Assistant Commissioner Keneth Haber, who is also acting deputy police commissioner, said statistics for Gozo do not support the impression that crime on the island has increased in an alarming way.

He was responding to questions put to him by members of parliament’s Gozo Committee, composed of Gozitan MPs from both sides of the House.

“We are not seeing crime trends that are out of this world,” Haber said, adding that the situation in Gozo was better than in Malta. Specifically, on theft, which has been a particular bone of contention over the past weeks, Haber said theft was on the decline.

He also said that the police force’s complement in Gozo stood at 121 officers, which meant that the per capita rate was higher in Gozo when compared to Malta.

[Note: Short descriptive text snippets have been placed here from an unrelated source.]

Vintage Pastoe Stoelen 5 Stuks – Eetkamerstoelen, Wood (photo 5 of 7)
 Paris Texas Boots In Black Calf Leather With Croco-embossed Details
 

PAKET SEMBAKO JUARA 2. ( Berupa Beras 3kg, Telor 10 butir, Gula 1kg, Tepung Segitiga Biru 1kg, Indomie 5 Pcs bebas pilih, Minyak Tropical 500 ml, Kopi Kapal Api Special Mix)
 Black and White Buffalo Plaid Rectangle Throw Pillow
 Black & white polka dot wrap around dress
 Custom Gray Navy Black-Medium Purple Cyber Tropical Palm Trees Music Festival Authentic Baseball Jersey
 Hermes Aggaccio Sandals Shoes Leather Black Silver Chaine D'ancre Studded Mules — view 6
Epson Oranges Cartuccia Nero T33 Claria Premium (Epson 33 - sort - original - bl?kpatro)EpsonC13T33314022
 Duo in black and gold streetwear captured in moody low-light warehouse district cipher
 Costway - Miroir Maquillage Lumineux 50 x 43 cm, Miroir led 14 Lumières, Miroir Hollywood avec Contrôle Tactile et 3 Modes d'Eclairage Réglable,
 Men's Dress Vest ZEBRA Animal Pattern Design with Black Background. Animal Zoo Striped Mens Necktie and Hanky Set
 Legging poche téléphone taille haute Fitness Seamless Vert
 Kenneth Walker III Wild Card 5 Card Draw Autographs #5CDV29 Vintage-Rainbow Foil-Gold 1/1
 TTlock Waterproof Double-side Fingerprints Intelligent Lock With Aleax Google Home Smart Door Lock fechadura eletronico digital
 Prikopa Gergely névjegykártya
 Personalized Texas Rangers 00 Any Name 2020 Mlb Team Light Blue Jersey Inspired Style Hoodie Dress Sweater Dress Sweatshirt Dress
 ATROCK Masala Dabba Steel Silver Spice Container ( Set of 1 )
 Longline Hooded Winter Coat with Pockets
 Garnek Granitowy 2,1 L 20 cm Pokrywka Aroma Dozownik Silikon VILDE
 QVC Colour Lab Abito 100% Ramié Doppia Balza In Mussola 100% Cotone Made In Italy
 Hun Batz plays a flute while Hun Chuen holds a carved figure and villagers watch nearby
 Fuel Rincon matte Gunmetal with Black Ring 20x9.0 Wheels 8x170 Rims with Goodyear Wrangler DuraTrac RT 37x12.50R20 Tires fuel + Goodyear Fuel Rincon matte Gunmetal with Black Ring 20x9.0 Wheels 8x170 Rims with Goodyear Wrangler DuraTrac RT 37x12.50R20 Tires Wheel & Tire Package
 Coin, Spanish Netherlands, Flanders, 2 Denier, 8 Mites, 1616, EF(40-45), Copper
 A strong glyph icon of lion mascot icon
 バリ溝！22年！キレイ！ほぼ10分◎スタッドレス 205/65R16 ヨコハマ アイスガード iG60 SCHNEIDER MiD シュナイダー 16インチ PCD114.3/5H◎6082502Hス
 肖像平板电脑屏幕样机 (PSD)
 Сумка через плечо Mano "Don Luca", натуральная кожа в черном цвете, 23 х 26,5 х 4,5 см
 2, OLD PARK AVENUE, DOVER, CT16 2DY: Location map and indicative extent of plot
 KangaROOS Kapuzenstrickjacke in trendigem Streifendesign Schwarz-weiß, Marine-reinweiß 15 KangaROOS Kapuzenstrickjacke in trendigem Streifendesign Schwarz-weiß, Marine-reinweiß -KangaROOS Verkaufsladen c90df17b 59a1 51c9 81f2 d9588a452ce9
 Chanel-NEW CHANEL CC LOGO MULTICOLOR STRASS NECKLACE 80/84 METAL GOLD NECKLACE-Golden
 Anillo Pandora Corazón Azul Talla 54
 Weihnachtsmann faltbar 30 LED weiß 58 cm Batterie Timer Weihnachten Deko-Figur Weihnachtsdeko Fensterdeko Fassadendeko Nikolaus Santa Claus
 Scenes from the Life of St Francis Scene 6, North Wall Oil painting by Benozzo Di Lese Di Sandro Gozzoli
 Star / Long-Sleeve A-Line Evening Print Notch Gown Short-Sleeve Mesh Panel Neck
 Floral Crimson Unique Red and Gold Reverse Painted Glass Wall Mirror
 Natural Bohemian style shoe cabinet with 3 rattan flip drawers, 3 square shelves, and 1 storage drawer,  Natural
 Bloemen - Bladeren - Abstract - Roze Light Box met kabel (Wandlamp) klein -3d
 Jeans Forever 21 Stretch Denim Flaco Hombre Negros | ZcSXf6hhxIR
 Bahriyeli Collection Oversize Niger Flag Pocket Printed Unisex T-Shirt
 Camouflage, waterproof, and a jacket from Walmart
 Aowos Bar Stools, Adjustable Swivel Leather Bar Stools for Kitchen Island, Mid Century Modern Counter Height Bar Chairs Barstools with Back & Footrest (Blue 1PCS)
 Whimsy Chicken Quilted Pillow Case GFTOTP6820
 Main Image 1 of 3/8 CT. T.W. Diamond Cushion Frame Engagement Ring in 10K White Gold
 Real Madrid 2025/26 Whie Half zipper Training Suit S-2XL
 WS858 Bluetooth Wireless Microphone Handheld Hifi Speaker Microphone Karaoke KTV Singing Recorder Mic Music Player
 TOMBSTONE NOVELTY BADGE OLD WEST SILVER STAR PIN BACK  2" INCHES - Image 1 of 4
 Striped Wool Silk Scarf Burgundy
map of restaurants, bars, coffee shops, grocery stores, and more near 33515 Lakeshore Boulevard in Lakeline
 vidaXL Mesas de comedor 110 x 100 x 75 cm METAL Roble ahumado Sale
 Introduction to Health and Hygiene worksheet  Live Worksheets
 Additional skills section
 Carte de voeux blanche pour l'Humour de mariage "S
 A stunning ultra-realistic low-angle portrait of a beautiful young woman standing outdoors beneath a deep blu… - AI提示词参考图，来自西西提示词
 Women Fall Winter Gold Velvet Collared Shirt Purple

The Gozo Committee is chaired by Active Ageing Minister Jo-Etienne Abela and has as its members, Gozo Minister Clint Camilleri, Labour backbencher Abigail Camilleri and Nationalist MPs Alex Borg and Claudette Buttigieg.

Criminologist Saviour Formosa, who was also invited to address the committee, said statistics showed the Maltese islands as a whole were safer when compared to the European average, and Gozo was even safer than Malta.

Malta’s crime rate was 28 per 1,000 people while Gozo’s stood at 24 per 1,000.

Formosa cautioned against creating moral panic around micro incidents that made them seem as if they became the norm. “Every crime has its victims but it does not mean that because a particular crime has created a public reaction it has suddenly become the norm,” Formosa said.

He said theft crimes dropped by 13%. “In Gozo, theft from homes decreased but it increased in other locations such as hotels, restaurants and bars as a result of more tourists and increased business activity, which creates opportunities for crime,” Formosa explained.

In a tit-for-tat, Labour MP Abigail Camilleri hit out at Nationalist MP Alex Borg, accusing him of blowing out of proportion individual crimes to make them seem as if they have become the norm in Gozo.

“It is unjust for the Opposition to create moral panic, putting Gozo in a bad light and make it seem as if some localities are no-go areas,” she said. “I was in Marsalforn several times this summer to eat and I saw elderly people sitting on the benches, families eating out and never witnessed anything bad.”

Borg hit back saying the feedback he received from constituents was not a perception. The PN MP has on several occasions raised the issue of faltering security in Gozo and rising crime by resorting to social media. Earlier this year, he said Gozitans were feeling unsafe in their own homes.

Meanwhile, statistics tabled in parliament by Justice Minister Jonathan Attard in reply to a question by Alex Borg showed that until September, 461 criminal cases reached the Gozitan courts. The number of people charged stood at 473 of which 116 were foreigners.

Over the past five years, the highest number of criminal cases filed in court was in 2020 when police filed charges in 792 cases involving 870 individuals. Of these, 189 were foreigners.